Zoom Video stock leapt +12.9% in morning trading following the company's release of first-quarter results for fiscal 2027 the prior evening. The quarter delivered revenue and earnings comfortably ahead of Wall Street forecasts, prompted an upward revision to annual guidance and included a substantial expansion of the firm's shareholder return program.

Quarterly results and guidance

Zoom reported Q1 FY2027 revenue of $1.24 billion, a 5.5% increase from the year-ago period. Enterprise revenue rose 7.2% to $755.7 million while online revenue reached $483.3 million, up 2.8% year over year. On a non-GAAP basis, the company posted profit of $1.55 per share, which was 9.5% above analysts' consensus estimates.

Alongside the quarterly results, Zoom provided full-year revenue guidance of $5.08 billion to $5.09 billion for FY2027 and authorized an additional $1.0 billion Class A share repurchase program.

Management commentary

CEO Eric Yuan emphasized the role of artificial intelligence in the quarter's performance, saying: "We saw continued momentum in the first quarter, with revenue up 5.5% year over year, exceeding the high end of our guidance. Customers are increasingly adopting Zoom as an AI-first system of action for modern work, with AI Companion paid users growing 184% year over year."

Customer and expansion metrics

The company ended the quarter with 4,534 customers generating more than $100,000 in trailing 12-month revenue, an increase of 8.2% year over year.

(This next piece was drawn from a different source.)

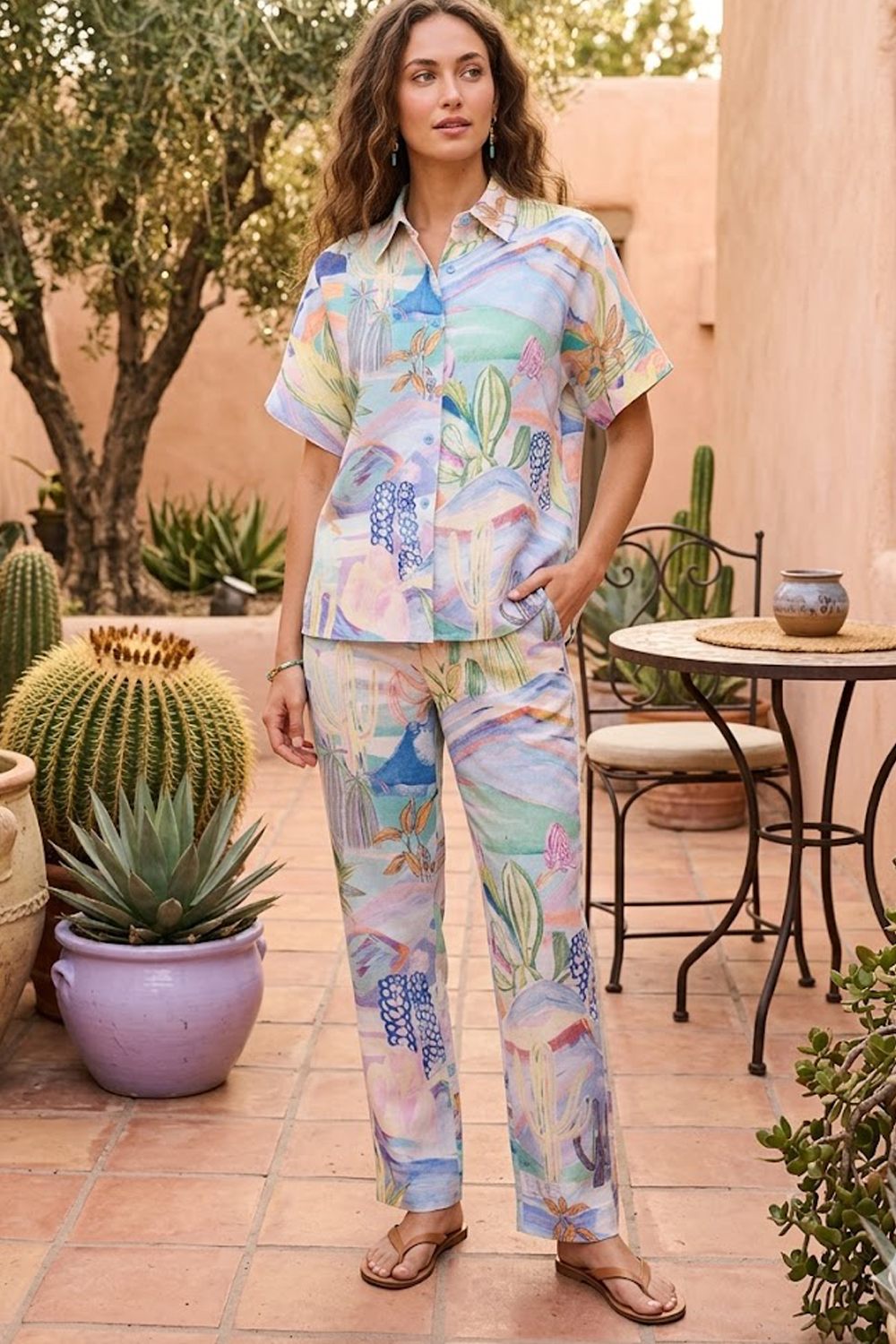 The Tulum Yuca Print Trousers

Zoom's enterprise net dollar expansion rate improved to 99%.

Balance sheet and cash flow

Free cash flow for the quarter totaled $500.5 million, while total cash and marketable securities stood at $7.7 billion at quarter-end. The combination of strong cash generation and a sizable liquidity position reinforced investor confidence in the company's financial flexibility.

Market reaction and analyst moves

The market reacted strongly to the news: Zoom's shares touched a 52-week high of $113.73 during the session. Analysts moved quickly in response to the results and outlook. Citi analyst Tyler Radke raised his price target on Zoom to $122 from $106 while keeping a Buy rating. KeyCorp upgraded its rating on Zoom from an "underweight" to a "sector weight."

The broader market provided a constructive but much smaller backdrop for Zoom's move, with the S&P 500 up +0.5%, the Dow Jones Industrial Average rising +0.7% and the NASDAQ adding +0.3% during the same trading period.

Why the stock surged

Investors responded to several simultaneous developments: a clear earnings beat, a modest upward revision to full-year revenue expectations, a newly enlarged buyback authorization and timely analyst support in the form of upgrades and target-price increases. Executives highlighted enterprise demand, AI adoption and customer experience products as the principal contributors to the quarter's outperformance, a narrative that resonated with market participants seeking signs that Zoom's AI-first strategy is translating into measurable financial gains.


Note: The article reports the company's Q1 FY2027 results and market reaction as disclosed by Zoom and reflected in analyst commentary and market prices cited above.

Risks

  • Enterprise net dollar expansion rate was 99%, indicating near-flat expansion at the enterprise level and representing a potential headwind to faster revenue growth for the enterprise software sector.
  • Raised full-year guidance and a larger buyback program increase expectations; missing future targets could pressure the stock and affect investor sentiment in technology and growth-oriented equities.
  • Investor confidence is tied to the continued conversion of AI adoption into durable financial results; if AI-driven adoption does not sustain, market reaction could reverse, affecting software and AI-exposed technology stocks.